Bir de baktım, o da ne? Bizim kapıya doğru bir ordu yürüyor sanki.
Önde başkomutan Fatih Terim, ardında Galatasaray ordusu!
Hoca yakıyor yine, katalogdan fırlamış sanki. Lacivert palto
omzunda, ipek atkı boynunda, gözlük gömlekte iki düğme arasında...
Birbirimizi selamladıktan sonra bana "Nasıl sence rakip?" diye
sordu. "Rakibi bilmem de siz fenasınız hocam!"diye karşılık verdim.

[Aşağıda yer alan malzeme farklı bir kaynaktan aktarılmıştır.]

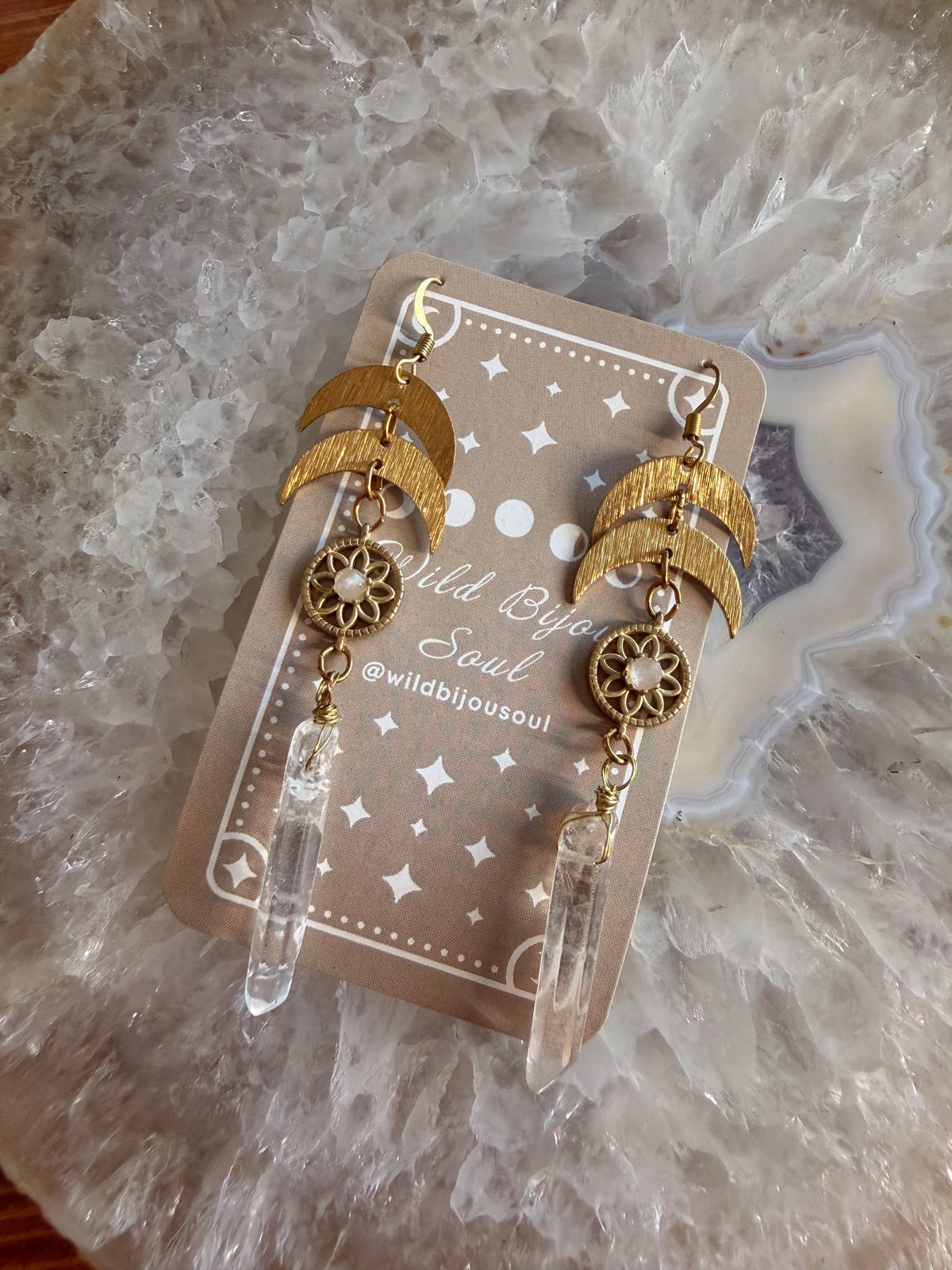 Celestial Quartz Moon Earrings
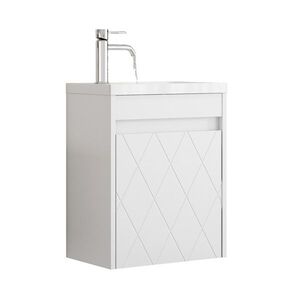 Závěsná skříňka s umyvadlem Houseland Mavon 40 cm bílá obraz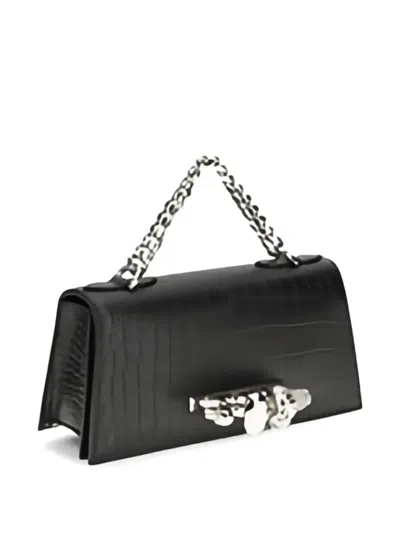 Alexander Mcqueen Mini Embellished Croc-effect Leather Shoulder Bag In Black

Tebessüm etti ve girdik uçağa uygun adım marşla... Arada boşluk,
hocanın yanındayım. Kısa aralıklarla sohbetteyiz.
O sırada bir hanımefendi uçağın üst bagaj kapaklarını kapatıyor.
Ben Fatih Hoca'dan kopmuş vaziyetteyim. Hoca konuşuyor, ben başka
yere bakıyorum! Bagaj kapaklarını sayıyorum. "Keşke hepsini
bu hanınmefendi kapatsa" diyorum içimden. Fatih Hoca'ya
dönüyorum: -Hocam özür dilerim. "Oğlum bak akıllı olun, milletin
kızına çoluğuna çocuğuna yan bakmayın, edepli uslu olun" şeklinde
bir bakış ve 10 yıl gibi gelen ama sadece 1 saniye süren bir
sessizlik imparator'dan! -Hocam... Evlenirsem nikah sahidim olur
musunuz? Önce "Delirdin mi? Ne alaka oğlum" dercesine tepkili bir
bakış. Ardından cevap: -Nişanına da
gelirim!
Oh yessss!!! Hayır hayır böyle bağırmadım tabi. Ama içimdeki bu gol sesi, sessiz ama organlarımda deprem etkisi oluşturan bir sevincin yankısıydı. Gözlerimde dakika ve skor vardı:1-0 öndeydim. Hoca anlamıştı.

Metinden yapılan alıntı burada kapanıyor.